Déployer un micro-réacteur nucléaire partout dans le monde en moins de 24 heures

Un avion de transport géant C-17 de l’armée de l’air américaine a transporté un réacteur nucléaire complet de 5 MW depuis la base aérienne de March en Californie jusqu’à la base aérienne de Hill dans l’Utah pour y être assemblé et mis en service (voir la photographie ci-dessus). Ce premier test en grandeur réelle vise à démontrer que l’armée américaine est capable de déployer un équipement capable de produire pendant des années une assez grande quantité d’électricité n’importe où dans le monde en moins de vingt-quatre heures. Comme l’expliquent souvent les experts de l’histoire militaire, c’est la logistique qui permet de gagner les guerres, et plus encore aujourd’hui.

Car l’avenir de la guerre est à une consommation toujours plus grande d’énergie souligne Michael P. Duffey, sous-secrétaire américain à la guerre. Mener un conflit nécessite désormais des centres de données d’intelligence artificielle, des armes à énergie dirigée et des infrastructures spatiales et cybernétiques. L’administration Trump a demandé la construction d’au moins trois SMR militaires d’ici le 4 juillet de cette année, le jour de la fête nationale américaine.

Générer environ 120 MWh en 24 heures

Au cœur de l’exercice de déploiement d’un premier SMR, baptisé « Project Janus », se trouve un réacteur nucléaire modulaire Ward250 développé par Valar Atomics. Sa capacité est de 5 MW, il s’agit plutôt d’un micro-réacteur, permet tout de même de générer environ 120 MWh d’électricité en 24 heures, de quoi alimenter une petite ville, une grande base militaire ou un réseau d’armes laser anti-aériennes… Et cela permet aussi de ne pas exposer des lignes de ravitaillement de carburants vers des bases. Jusqu’à présent, l’armée américaine utilise des générateurs diesel pour l’alimentation électrique de ses bases construites sur les théâtres d’opération et doit alors gérer des chaînes d’approvisionnement vulnérables.

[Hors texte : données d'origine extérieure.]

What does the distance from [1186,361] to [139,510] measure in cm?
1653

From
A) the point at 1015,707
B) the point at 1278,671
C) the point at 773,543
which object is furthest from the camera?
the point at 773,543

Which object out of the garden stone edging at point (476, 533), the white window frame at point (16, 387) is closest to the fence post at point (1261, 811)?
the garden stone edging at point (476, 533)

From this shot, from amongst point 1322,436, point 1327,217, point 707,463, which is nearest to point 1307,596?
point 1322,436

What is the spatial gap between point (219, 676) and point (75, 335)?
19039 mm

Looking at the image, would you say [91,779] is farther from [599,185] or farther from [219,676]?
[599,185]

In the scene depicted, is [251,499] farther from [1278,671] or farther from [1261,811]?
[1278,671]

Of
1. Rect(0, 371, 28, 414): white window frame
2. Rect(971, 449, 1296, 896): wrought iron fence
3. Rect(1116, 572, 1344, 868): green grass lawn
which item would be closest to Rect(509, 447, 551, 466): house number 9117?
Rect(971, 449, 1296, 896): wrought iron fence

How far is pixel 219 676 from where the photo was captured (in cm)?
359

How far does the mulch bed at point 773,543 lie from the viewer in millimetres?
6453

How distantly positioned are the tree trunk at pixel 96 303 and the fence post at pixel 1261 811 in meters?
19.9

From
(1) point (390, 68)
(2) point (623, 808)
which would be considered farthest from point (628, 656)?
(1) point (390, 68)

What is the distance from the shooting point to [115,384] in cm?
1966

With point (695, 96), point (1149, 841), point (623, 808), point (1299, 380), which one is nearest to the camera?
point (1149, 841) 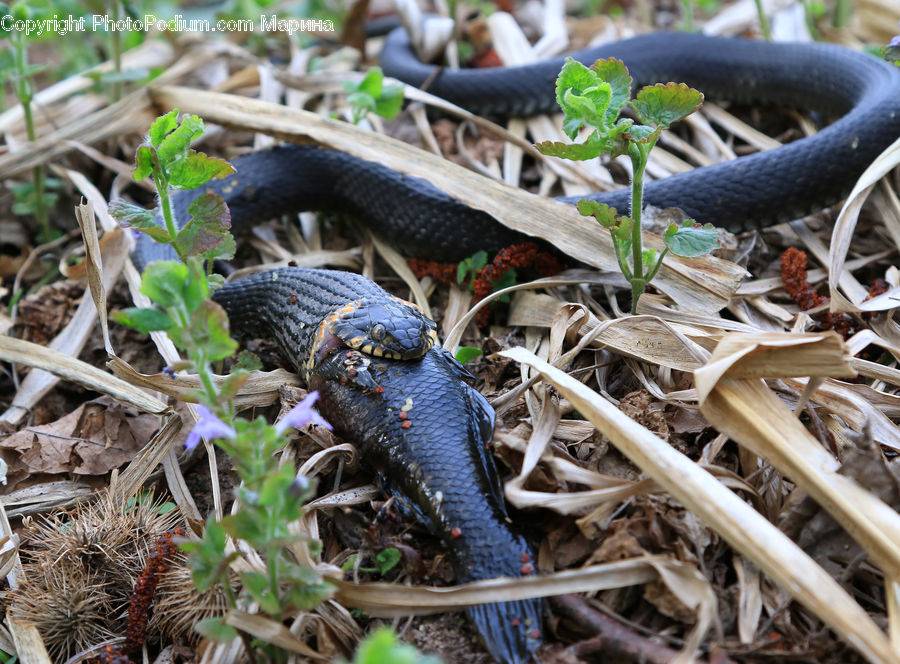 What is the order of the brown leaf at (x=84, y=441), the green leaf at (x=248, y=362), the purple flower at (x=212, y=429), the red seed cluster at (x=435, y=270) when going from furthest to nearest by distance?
the red seed cluster at (x=435, y=270) < the green leaf at (x=248, y=362) < the brown leaf at (x=84, y=441) < the purple flower at (x=212, y=429)

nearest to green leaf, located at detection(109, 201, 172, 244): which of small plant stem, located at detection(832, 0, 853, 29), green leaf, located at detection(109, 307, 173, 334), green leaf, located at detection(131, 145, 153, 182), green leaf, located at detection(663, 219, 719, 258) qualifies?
green leaf, located at detection(131, 145, 153, 182)

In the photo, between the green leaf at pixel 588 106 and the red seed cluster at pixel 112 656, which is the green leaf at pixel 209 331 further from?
the green leaf at pixel 588 106

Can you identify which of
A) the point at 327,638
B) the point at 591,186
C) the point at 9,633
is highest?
the point at 591,186

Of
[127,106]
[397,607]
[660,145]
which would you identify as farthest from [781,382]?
[127,106]

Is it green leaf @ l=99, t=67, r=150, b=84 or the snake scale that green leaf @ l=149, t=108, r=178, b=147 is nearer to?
the snake scale

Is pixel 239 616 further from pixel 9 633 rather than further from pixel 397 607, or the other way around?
pixel 9 633

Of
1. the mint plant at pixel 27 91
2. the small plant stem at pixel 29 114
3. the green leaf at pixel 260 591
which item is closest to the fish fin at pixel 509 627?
the green leaf at pixel 260 591

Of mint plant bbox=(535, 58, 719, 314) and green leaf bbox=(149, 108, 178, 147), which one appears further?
mint plant bbox=(535, 58, 719, 314) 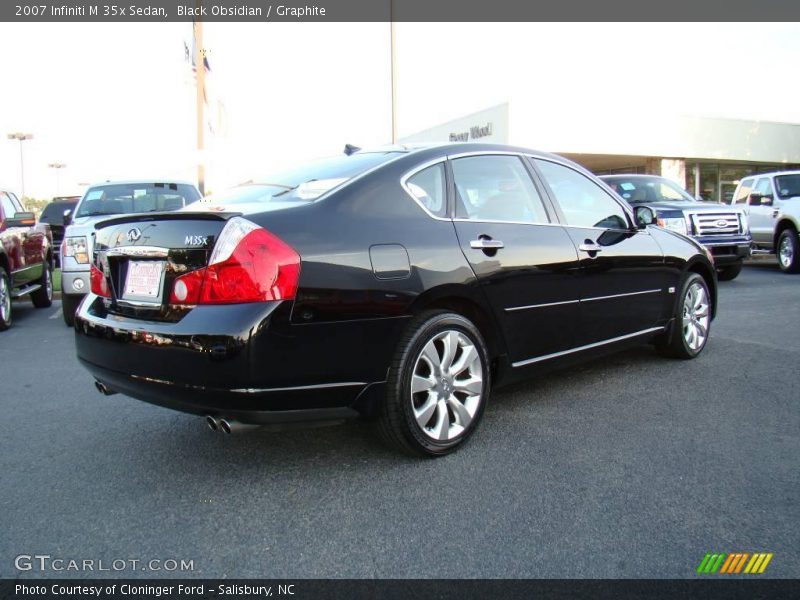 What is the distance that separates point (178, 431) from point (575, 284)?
2.58 m

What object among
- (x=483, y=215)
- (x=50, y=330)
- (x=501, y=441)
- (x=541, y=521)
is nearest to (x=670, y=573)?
(x=541, y=521)

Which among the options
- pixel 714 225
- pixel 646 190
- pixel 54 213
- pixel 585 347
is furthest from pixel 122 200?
pixel 54 213

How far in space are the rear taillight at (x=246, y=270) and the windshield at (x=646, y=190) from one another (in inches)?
379

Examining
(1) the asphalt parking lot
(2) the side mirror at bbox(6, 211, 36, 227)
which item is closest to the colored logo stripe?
(1) the asphalt parking lot

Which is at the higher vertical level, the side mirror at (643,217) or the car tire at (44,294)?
the side mirror at (643,217)

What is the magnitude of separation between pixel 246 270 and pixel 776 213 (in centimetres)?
1293

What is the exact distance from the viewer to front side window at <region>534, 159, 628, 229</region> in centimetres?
434

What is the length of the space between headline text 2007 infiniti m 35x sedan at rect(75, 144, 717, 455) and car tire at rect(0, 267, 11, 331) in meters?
5.25

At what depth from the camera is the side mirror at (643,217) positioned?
4.95 m

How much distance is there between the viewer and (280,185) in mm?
3637

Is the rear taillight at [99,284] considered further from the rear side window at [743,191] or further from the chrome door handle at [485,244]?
the rear side window at [743,191]

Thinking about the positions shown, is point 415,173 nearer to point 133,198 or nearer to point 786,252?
point 133,198

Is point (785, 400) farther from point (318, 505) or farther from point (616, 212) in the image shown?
point (318, 505)

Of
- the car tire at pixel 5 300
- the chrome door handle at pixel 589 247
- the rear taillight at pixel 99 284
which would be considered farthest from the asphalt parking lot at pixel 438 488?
the car tire at pixel 5 300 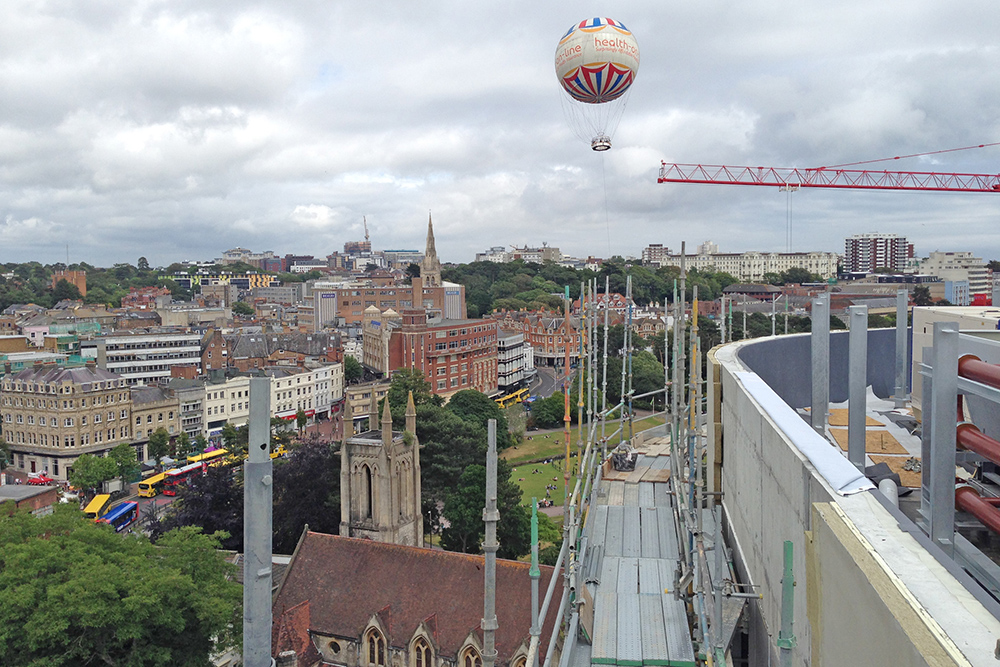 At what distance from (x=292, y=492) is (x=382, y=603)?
1043 centimetres

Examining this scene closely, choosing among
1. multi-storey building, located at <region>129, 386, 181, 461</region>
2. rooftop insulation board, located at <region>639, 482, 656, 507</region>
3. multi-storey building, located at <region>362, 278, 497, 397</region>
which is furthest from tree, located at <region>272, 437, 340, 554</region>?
multi-storey building, located at <region>362, 278, 497, 397</region>

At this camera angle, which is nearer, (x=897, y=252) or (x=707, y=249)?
(x=897, y=252)

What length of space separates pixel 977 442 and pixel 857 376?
55.7 inches

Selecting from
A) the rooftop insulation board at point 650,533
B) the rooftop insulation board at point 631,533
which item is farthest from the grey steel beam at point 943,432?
the rooftop insulation board at point 631,533

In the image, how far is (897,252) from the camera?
135500 mm

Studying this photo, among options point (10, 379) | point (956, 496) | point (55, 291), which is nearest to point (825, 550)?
point (956, 496)

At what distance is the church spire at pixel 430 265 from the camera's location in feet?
272

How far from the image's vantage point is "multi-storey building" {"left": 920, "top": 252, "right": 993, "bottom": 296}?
8894cm

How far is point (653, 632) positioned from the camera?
28.8ft

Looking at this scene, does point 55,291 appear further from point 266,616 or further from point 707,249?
point 707,249

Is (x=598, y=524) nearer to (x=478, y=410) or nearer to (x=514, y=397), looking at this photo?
(x=478, y=410)

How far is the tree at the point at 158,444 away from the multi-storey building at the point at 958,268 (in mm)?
81781

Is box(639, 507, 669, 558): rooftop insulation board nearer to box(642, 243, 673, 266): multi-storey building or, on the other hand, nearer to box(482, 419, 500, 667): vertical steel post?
box(482, 419, 500, 667): vertical steel post

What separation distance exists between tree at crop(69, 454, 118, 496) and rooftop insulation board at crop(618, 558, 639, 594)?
3083 cm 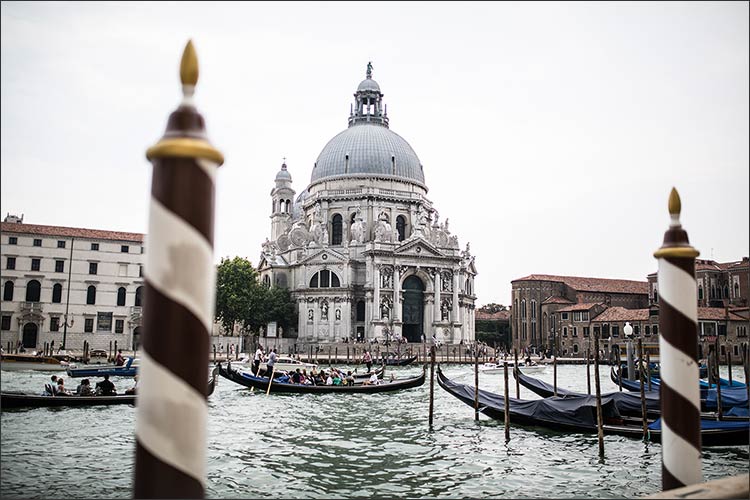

« La livraison et l’installation réussies de ce réacteur ouvriront d’importantes perspectives pour l’avenir de la résilience énergétique et l’indépendance stratégique de notre nation en matière de défense… En exploitant la puissance de la technologie nucléaire avancée, nous renforçons non seulement notre sécurité nationale, mais nous défendons également l’avenir de la domination énergétique américaine », déclare le ministère américain de la Guerre, ex-ministère de la Défense, dans un communiqué.

Les nombreux avantages théoriques des SMR

La capacité à déployer rapidement une alimentation électrique fiable peut aussi potentiellement être précieuse pour les interventions en cas de catastrophe et les avant-postes médicaux et scientifiques isolés.

Une étude, rendue publique en 2024 par le cabinet-conseil EY-Parthenon (ex-Ernst & Young), prévoit la construction d’ici 2050 de 400 à 700 SMR. Il faut évidemment prendre ce genre de projections avec beaucoup de précautions. Mais les avantages théoriques des SMR sont importants. Ils sont plus petits que les réacteurs traditionnels, avec une puissance allant jusqu’à 300MW, et comme leur nom l’indique, ils ont modulaires, ce qui facilite leur assemblage en usine et leur transport sur le site. Non seulement, ils peuvent être installés sur des sites qui ne conviennent pas aux réacteurs conventionnels plus grands mais peuvent être additionnés progressivement pour répondre à la demande croissante d’énergie d’un site. Ils sont également, en théorie, moins chers et plus rapides à construire que les réacteurs nucléaires traditionnels. Ce sera vraiment le cas s’ils sont un jour construits en série.

Car le réacteur et tous ses composants clés sont fabriqués en usine. Ils sont ensuite assemblés à partir des pièces transportées. Un chantier de 8 à 15 ans sur un réacteur de grande taille peut en théorie être mené en 2 ans avec une SMR. Cela doit permettre de réduire fortement les prix du KWh produit. Et ils ont des composants de même qualité que les grandes centrales, les réacteurs, les turbines, etc… mais plus petits. Ils peuvent enfin pour un certain nombre de projets améliorer sensiblement les questions de sûreté en faisant appel à des technologies dites passives qui permettent en cas d’incident au réacteur de cesser naturellement de fonctionner.